Moreover, the statistically significant features provide a strong foundation for the binary classifiers and a new lens to view relationships in pupil-size dynamics and the presence of ADHD, reflected in our statistical validation and class separability visualizations. The features overall exhibited strong class separability between ADHD Positive and Negative groups, which is reflected in the AUROC values of the classifiers.

We note that one drawback of our study lies in the small sample size, which can reasonably be only generalized to the encompassing city in Chile from which the data was collected. Additional data would help in creating a sample representative of the true population.

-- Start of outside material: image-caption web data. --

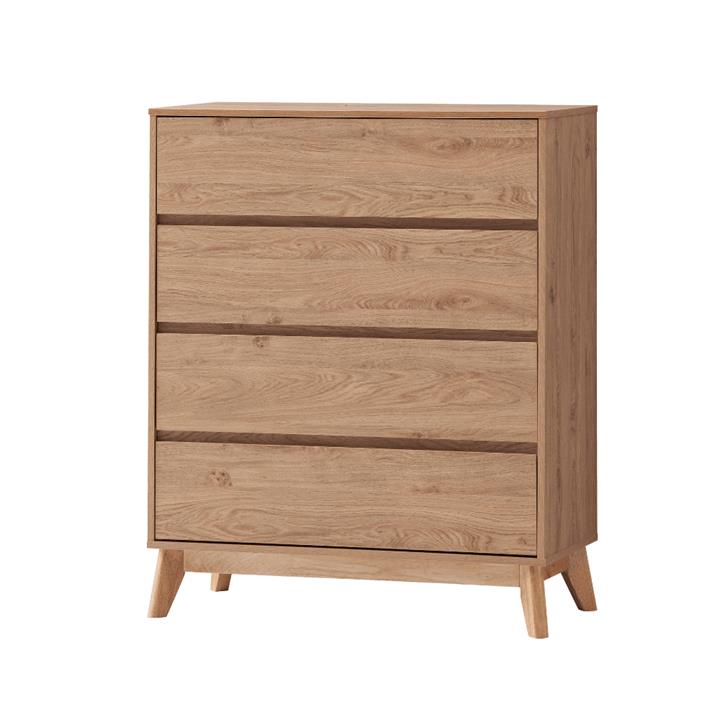 Audrey Chest Of 4-Drawers Tallboy Storage Cabinet - Oak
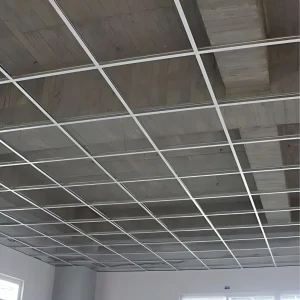 Gypsum Tile Ceiling suspension frame installed where tiles remain to be install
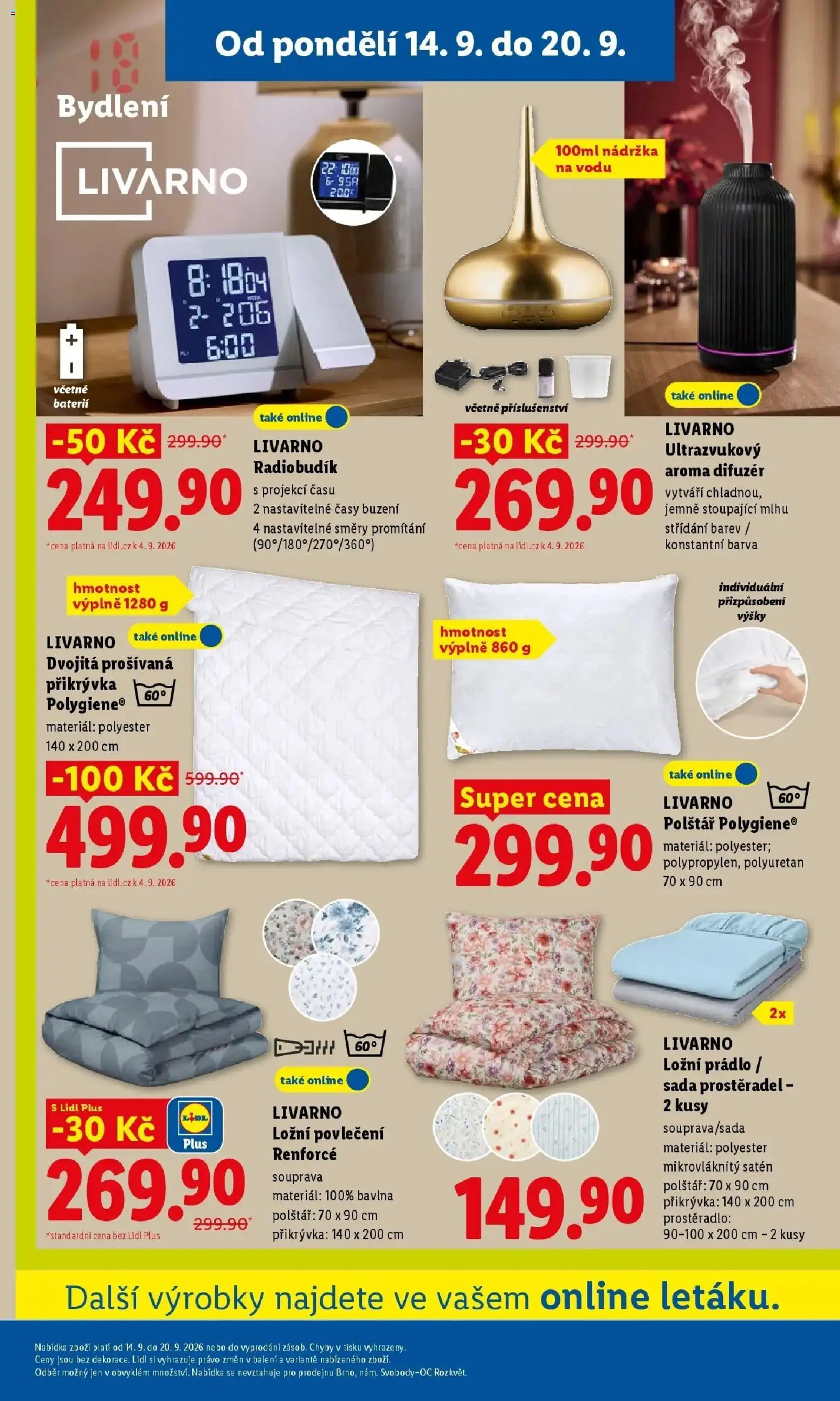 Lidl leták od 14.09.2026 - Nový akční leták | Strana: 11 | Produkty: Aroma difuzér, Difuzér, Rádio, Přikrývka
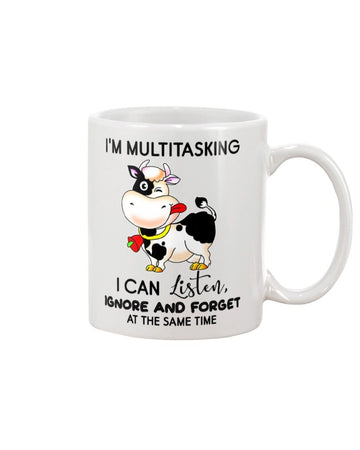 Cow i am multitasking Mug White 11Oz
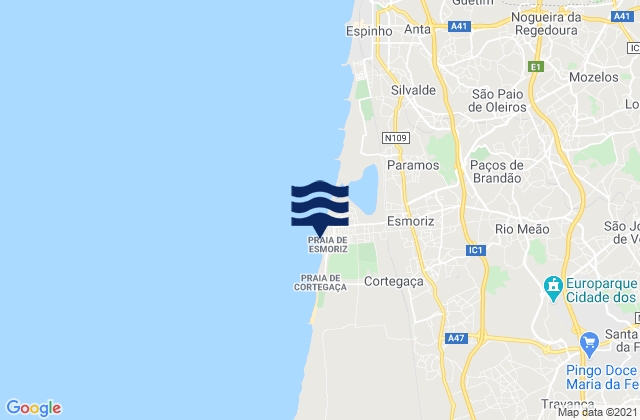 Mappa delle Getijden in Praia de Esmoriz, Portugal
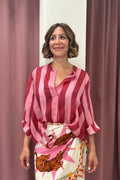 Have One - Camicia rigata collo coreano Art. CVS-Q398 ROSSO/FUCSIA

New Behavioral Understandings

Insights into the pupil-size dynamics of ADHD positive and negative subjects were uncovered. In particular, variation, specifically standard deviation, in pupil-size dilation velocity, previously not studied within the scope of ADHD, were found to be strong discriminators between ADHD positive and negative subjects. Control subjects visually exhibited greater pupil dilation velocity and acceleration compared to ADHD positive subjects, indicative of heightened neural activity and decision making. ADHD positive subjects exhibit lower dilation speeds and pupil sizes most likely because of uncertainty and inattentiveness—Van de Brink et al. highlighted that smaller relative pupil size linearly correlates with greater lapses in attention, while greater pupil sizes correlate with increased attentional effort³³. The statistical significance of the engineered features in this study further illustrate its validity and strength in differentiating between ADHD positive and negative groups. Our results also show that local maxima and minima in pupil-size are also strong differentiators between positive and negative subjects. Moreover, standard deviation in pupil-size across a time-series was found to be a strong discriminator between the two groups, with control subjects exhibiting greater variation in pupil-size, indicating that ADHD positive subjects potentially suffer from lack of overall mobility in pupillary responses, which could further inform the use of pupillometrics as a biomarker to characterize ADHD.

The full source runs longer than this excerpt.